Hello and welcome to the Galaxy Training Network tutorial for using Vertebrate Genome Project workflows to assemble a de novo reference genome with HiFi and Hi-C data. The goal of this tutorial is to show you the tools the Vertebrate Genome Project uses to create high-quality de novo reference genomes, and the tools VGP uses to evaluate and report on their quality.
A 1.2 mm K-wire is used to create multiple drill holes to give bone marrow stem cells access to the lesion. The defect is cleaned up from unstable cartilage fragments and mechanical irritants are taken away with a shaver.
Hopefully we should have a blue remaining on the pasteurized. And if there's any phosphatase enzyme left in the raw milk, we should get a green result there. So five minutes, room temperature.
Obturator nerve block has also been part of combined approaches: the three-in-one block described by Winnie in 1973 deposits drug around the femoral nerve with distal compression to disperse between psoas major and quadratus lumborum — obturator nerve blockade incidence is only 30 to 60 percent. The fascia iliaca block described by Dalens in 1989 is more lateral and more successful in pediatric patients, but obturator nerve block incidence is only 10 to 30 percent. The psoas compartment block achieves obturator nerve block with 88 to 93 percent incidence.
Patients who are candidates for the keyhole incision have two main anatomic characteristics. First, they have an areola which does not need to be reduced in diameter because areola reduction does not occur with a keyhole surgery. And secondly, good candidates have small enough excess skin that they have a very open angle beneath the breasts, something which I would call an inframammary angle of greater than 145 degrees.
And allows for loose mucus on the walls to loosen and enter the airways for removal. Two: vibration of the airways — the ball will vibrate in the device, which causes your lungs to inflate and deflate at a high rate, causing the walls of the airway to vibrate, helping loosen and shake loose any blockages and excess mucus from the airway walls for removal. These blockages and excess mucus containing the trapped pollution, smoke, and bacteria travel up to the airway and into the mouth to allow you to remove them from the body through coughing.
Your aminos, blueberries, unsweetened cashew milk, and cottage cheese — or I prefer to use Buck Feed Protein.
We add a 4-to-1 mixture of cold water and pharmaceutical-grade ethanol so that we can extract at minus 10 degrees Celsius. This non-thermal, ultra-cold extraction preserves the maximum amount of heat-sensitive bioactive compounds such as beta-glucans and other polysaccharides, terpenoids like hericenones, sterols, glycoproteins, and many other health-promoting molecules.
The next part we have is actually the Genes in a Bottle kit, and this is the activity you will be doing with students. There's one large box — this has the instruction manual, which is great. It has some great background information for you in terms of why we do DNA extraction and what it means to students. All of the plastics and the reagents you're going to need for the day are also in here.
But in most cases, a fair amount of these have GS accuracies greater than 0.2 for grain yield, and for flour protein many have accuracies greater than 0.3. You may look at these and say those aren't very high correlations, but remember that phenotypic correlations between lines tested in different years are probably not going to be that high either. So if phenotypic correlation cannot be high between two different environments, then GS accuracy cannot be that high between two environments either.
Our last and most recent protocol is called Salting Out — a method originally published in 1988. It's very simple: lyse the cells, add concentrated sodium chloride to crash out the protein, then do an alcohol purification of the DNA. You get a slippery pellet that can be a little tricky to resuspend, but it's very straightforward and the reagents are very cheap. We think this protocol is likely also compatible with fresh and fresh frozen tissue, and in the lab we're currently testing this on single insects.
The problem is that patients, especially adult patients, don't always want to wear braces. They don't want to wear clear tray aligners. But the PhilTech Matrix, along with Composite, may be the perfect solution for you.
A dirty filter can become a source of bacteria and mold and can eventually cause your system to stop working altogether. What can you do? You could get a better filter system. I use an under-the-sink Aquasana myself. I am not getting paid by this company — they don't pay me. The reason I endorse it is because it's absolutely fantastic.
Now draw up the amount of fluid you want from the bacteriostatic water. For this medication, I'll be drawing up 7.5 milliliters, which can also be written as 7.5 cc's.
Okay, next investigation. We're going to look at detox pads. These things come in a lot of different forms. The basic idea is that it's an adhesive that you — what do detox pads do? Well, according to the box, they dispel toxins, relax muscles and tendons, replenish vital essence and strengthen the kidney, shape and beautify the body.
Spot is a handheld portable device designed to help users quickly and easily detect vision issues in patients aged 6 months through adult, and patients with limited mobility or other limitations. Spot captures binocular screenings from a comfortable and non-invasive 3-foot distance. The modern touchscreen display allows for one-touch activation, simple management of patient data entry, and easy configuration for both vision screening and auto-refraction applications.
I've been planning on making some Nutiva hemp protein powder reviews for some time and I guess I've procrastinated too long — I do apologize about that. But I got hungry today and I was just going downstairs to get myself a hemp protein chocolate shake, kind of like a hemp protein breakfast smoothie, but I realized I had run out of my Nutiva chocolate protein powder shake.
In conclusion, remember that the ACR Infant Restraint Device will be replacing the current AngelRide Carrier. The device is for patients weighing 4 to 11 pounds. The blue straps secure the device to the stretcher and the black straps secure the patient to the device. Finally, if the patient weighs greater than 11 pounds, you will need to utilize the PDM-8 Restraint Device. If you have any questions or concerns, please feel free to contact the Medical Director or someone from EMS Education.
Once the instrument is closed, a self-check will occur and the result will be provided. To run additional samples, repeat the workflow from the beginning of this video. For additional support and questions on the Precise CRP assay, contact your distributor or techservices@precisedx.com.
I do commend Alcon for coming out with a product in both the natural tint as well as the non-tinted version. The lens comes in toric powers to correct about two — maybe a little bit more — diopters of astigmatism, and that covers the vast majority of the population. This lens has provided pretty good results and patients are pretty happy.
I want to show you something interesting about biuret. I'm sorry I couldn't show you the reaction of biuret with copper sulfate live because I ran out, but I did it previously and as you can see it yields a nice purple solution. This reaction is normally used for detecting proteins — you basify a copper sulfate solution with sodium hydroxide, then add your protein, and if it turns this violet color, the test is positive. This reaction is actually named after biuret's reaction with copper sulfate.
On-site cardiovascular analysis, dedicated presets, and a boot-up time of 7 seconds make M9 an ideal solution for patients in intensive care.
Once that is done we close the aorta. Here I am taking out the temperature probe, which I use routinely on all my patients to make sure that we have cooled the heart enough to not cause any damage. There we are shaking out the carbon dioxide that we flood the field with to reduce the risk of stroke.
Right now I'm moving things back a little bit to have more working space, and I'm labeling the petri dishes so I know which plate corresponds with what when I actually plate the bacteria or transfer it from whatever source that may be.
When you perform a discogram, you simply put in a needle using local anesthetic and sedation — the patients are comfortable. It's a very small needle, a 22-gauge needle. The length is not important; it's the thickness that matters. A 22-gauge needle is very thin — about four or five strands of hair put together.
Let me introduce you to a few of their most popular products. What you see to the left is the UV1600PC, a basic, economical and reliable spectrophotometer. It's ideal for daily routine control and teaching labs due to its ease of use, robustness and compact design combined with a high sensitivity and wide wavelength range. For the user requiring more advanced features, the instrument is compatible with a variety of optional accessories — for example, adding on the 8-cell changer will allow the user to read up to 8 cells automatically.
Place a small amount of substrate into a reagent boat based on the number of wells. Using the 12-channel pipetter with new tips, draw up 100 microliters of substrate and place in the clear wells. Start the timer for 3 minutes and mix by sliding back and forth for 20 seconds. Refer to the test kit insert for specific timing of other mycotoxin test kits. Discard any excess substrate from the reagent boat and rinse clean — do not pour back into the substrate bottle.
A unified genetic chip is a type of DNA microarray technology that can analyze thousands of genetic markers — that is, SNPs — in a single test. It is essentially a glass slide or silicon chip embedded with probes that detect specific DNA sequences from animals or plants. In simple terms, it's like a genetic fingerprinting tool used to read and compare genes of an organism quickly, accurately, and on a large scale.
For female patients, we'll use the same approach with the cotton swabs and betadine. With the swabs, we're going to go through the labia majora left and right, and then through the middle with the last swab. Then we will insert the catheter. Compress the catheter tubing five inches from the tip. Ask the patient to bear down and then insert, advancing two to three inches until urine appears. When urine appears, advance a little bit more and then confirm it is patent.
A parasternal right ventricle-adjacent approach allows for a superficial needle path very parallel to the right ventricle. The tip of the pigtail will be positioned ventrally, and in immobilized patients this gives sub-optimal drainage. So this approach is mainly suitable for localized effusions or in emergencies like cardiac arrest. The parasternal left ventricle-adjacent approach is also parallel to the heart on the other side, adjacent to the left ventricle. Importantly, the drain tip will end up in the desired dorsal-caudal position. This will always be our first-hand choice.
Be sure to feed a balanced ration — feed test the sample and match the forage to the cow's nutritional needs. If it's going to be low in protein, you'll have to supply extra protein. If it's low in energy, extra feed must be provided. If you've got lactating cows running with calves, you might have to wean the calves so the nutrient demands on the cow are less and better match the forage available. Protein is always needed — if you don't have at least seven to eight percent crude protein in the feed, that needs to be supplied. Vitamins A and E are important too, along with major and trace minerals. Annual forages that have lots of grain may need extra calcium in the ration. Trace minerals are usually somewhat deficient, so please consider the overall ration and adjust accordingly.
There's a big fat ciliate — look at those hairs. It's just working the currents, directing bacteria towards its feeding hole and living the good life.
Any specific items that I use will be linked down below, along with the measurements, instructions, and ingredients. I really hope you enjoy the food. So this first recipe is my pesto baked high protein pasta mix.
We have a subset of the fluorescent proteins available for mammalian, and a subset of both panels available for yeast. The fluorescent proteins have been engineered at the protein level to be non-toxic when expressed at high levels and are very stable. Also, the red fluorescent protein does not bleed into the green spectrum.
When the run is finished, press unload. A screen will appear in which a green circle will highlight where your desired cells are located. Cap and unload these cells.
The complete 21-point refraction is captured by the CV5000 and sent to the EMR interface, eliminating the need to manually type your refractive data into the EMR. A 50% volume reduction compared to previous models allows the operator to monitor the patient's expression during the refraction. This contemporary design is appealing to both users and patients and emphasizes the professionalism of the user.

---

Scan the material above for lines holding "source" and copy each of them.

A dirty filter can become a source of bacteria and mold and can eventually cause your system to stop working altogether. What can you do? You could get a better filter system. I use an under-the-sink Aquasana myself. I am not getting paid by this company — they don't pay me. The reason I endorse it is because it's absolutely fantastic.
Right now I'm moving things back a little bit to have more working space, and I'm labeling the petri dishes so I know which plate corresponds with what when I actually plate the bacteria or transfer it from whatever source that may be.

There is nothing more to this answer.